本稿は台湾における農業労働の調整過程を農工間労働移動のモデルによって分析した.本稿の分析により,農家のインセンティブに影響を与える政策,すなわち価格支持政策,農地転用規制の不完全による農地保有動機および農業財政政策は,農業労働の部門間移動を阻害し,農業部門の構造調整を遅らせる効果を持つことが示された.このことから,仮に農工間の交易条件や生産性格差が賃金格差に反映されたとしても,その他の要因が農業労働の供給に影響を与えるのであれば,農工間労働移動が引き起こされるとは限らないことが分かる.
2002 年のWTO 加盟により,台湾政府は農産物の関税と生産刺激的な国内支持政策の削減を承諾した.農業保護政策を内外価格差や交易条件の動向のみで捉えるならば,これは生産物価格の引き下げを通じて農業構造に影響を与えるものと解釈されることになる.もちろん,生産インセンティブに直接の影響を与える価格支持や直接支払いを削減することは農業部門の構造調整を進める上での第一歩となりうる.

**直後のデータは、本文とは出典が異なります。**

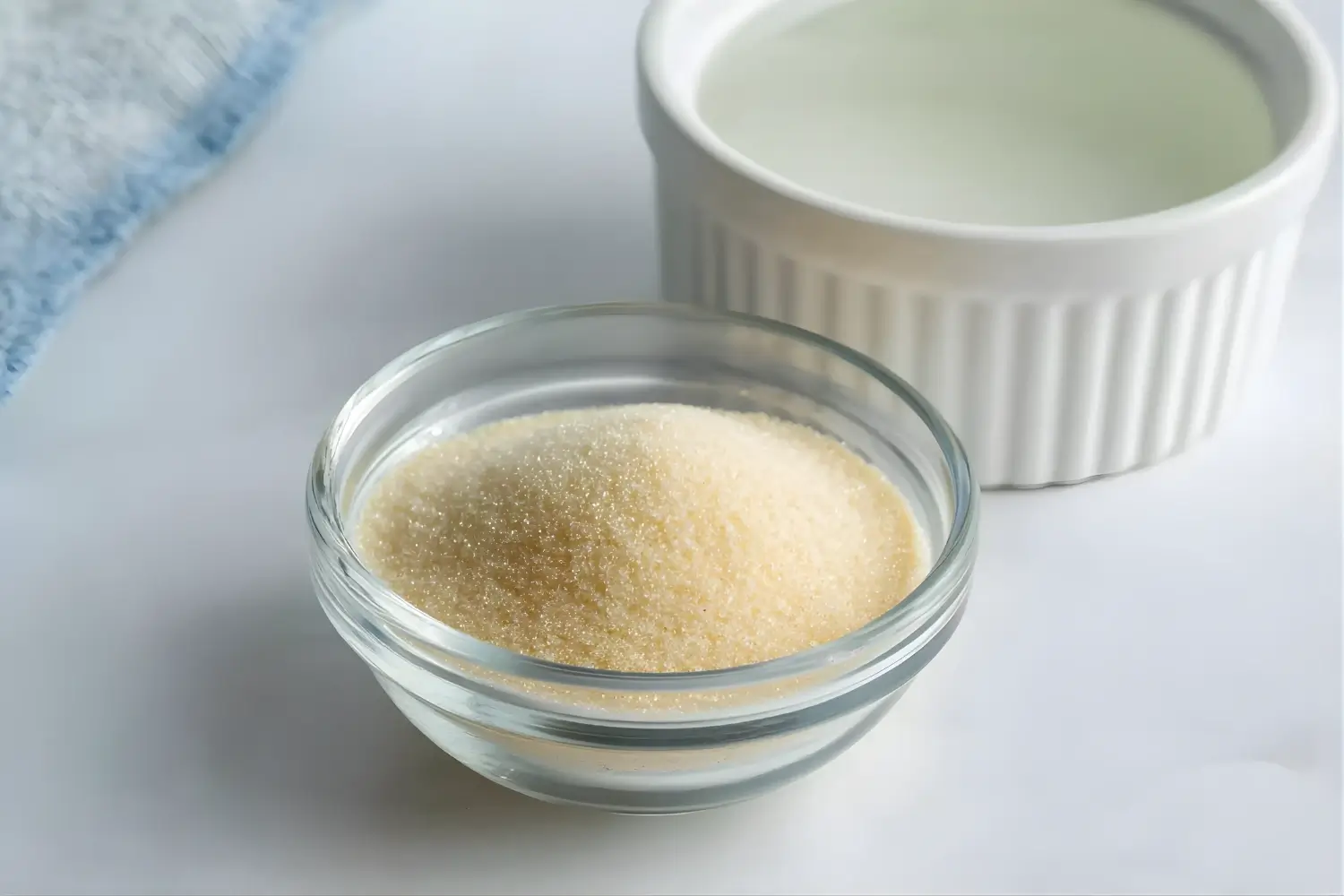 A small bowl of unflavored gelatin powder placed next to a ramekin of water.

しかし,生産刺激的な保護政策の削減と農産物貿易の自由化が進められたとしても,削減義務の対象とならない形態で行われる財政支出や,農地転用期待など農家のインセンティブに影響を与える要因が存在する場合には,必ずしも農工間労働移動の遅れが解消されるとは限らない.したがって,台湾農業の構造調整問題を解決するためには,価格支持政策の撤廃に留まらない幅広い調整促進政策が必要である.